We investigated differences of opinion or lifestyle not to correct an errant member, but to understand that individual's unique perspective. Struggles and controversy were/are inevitable. The resolution of differing opinions or the understanding of differing lifestyles was/is viewed as a challenging exercise. We did not view them as an attack on erring members.
This basic understanding that it is "ok" to be different was supported and expanded during my undergraduate studies at the University of Iowa (1968-1972). I was a Theatre major during a major social upheaval. The Theatre department offered an excellent opportunity to observe widely differing opionions and lifestyles. These opinions or lifestyles may differ from my own or from the community norm. Yet the moral and ethical imperatives that motivate this diversity are not dependent upon primal drives. They are dependent on commitment to moral and ethical behavior.

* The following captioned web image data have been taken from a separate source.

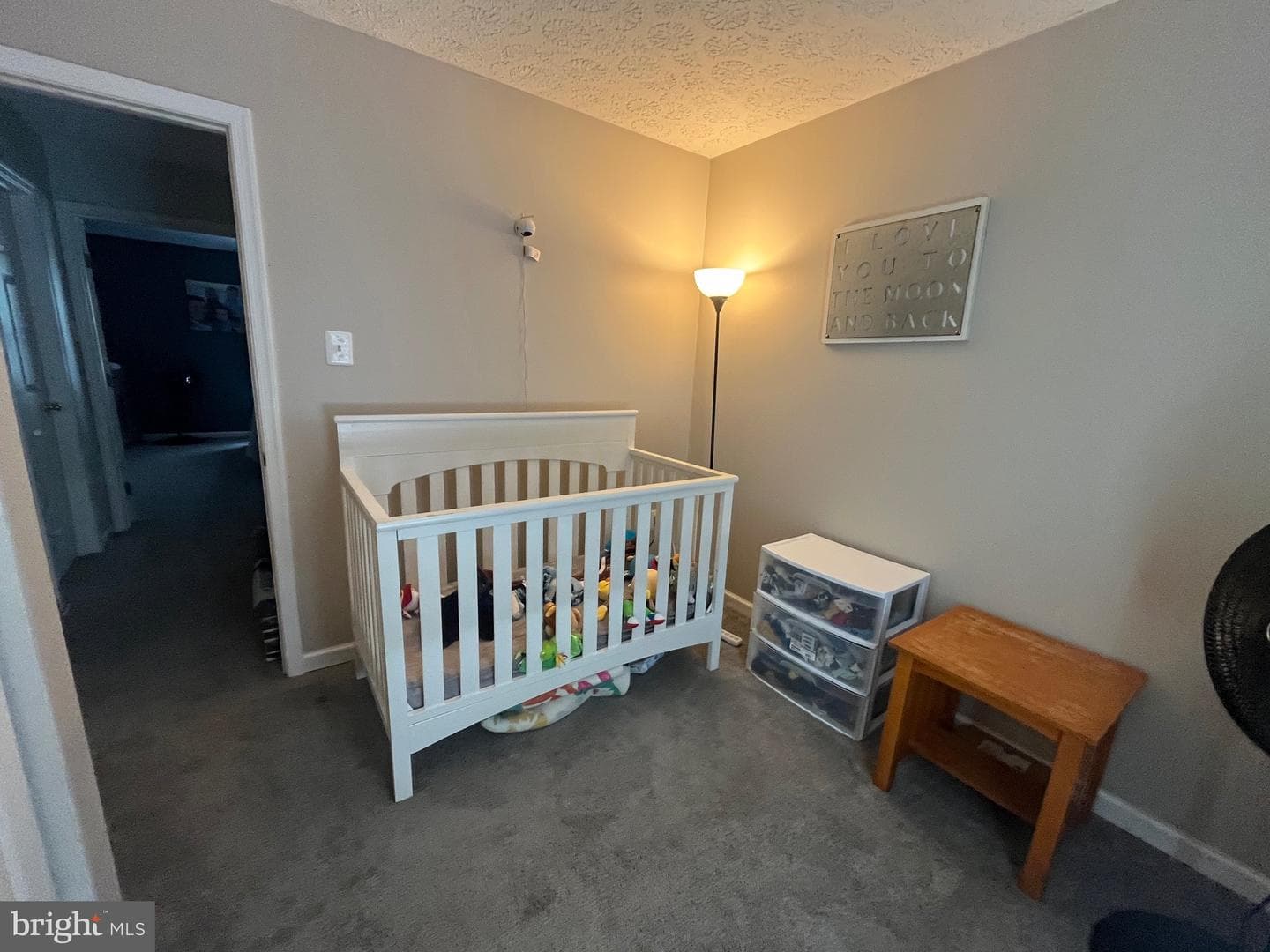 514 Macintosh Circle photo 20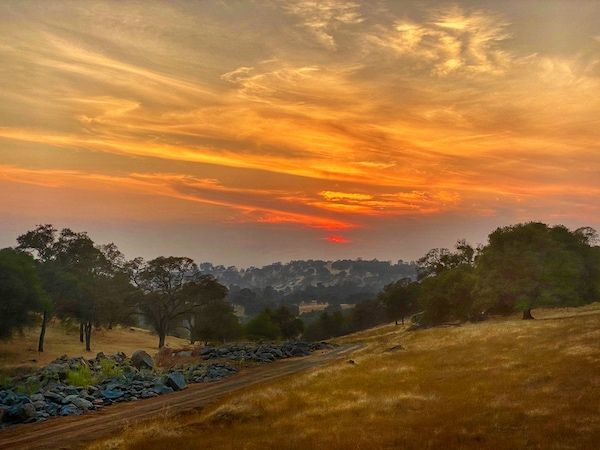 A sunset over a field with trees and rocks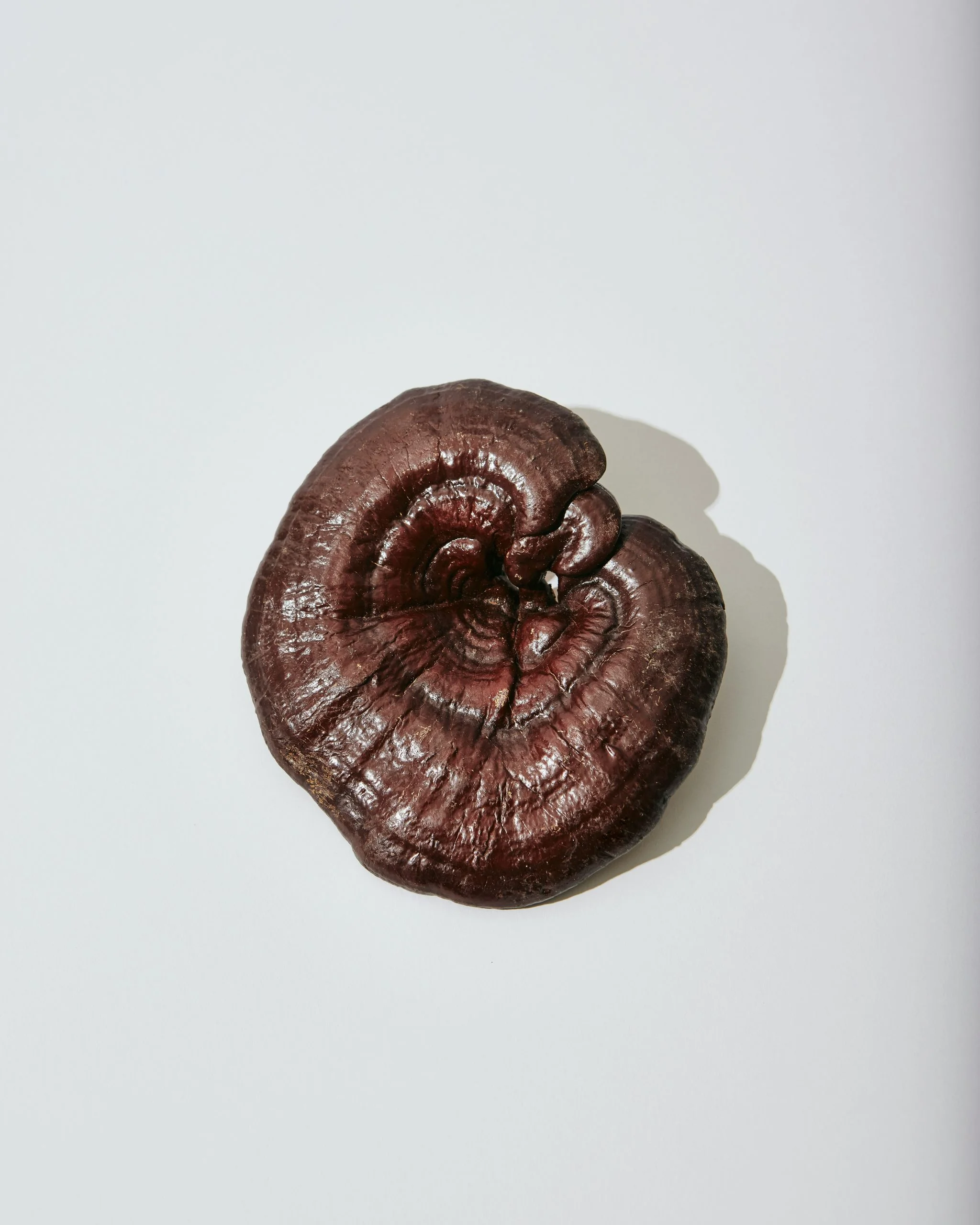An iced cacao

When we apply that understanding to the Church, a person's lifestyle or orientation is secondary to commitment to the Christian life. As the psalmist writes (Psalm 130:3), no lifestyle or orientation can stand the complete scrutiny of our omniscient God. Our acceptability and salvation are not in our works, but in our faith in Christ. I am called to ministries that open the church to the diverse manifestations of the spirit.
Rev'd R. Craig Bennett, O.S.L., D.Min.